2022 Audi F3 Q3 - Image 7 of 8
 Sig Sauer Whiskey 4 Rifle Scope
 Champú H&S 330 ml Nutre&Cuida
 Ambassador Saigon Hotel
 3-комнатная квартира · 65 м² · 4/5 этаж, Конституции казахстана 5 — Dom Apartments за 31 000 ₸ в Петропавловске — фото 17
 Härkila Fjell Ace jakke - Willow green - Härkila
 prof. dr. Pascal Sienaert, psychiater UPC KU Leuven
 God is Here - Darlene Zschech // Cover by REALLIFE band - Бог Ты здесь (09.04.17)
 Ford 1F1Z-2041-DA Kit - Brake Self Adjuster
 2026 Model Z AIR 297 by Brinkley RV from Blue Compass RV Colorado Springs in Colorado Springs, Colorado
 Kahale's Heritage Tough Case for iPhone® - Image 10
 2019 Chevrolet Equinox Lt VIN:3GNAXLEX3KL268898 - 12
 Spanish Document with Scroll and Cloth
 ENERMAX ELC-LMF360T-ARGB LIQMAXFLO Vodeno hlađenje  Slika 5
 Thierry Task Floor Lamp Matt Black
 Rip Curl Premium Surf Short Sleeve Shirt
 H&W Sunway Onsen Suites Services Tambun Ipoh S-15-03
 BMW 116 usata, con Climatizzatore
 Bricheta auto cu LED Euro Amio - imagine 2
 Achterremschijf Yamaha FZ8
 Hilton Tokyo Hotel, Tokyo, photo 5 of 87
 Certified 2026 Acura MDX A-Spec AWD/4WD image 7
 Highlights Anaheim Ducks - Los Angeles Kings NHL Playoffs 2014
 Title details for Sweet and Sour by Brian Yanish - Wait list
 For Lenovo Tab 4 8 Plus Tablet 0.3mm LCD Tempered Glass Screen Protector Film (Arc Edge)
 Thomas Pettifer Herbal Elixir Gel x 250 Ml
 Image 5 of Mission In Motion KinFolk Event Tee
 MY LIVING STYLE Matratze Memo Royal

**WHAT THE TASK ASKS**.
Which lines run from the one containing "Spanish Document with Scroll and Cloth" through the end of the material? Output them exactly.

**ANSWER TO THIS PROBLEM**.
 Spanish Document with Scroll and Cloth
 ENERMAX ELC-LMF360T-ARGB LIQMAXFLO Vodeno hlađenje  Slika 5
 Thierry Task Floor Lamp Matt Black
 Rip Curl Premium Surf Short Sleeve Shirt
 H&W Sunway Onsen Suites Services Tambun Ipoh S-15-03
 BMW 116 usata, con Climatizzatore
 Bricheta auto cu LED Euro Amio - imagine 2
 Achterremschijf Yamaha FZ8
 Hilton Tokyo Hotel, Tokyo, photo 5 of 87
 Certified 2026 Acura MDX A-Spec AWD/4WD image 7
 Highlights Anaheim Ducks - Los Angeles Kings NHL Playoffs 2014
 Title details for Sweet and Sour by Brian Yanish - Wait list
 For Lenovo Tab 4 8 Plus Tablet 0.3mm LCD Tempered Glass Screen Protector Film (Arc Edge)
 Thomas Pettifer Herbal Elixir Gel x 250 Ml
 Image 5 of Mission In Motion KinFolk Event Tee
 MY LIVING STYLE Matratze Memo Royal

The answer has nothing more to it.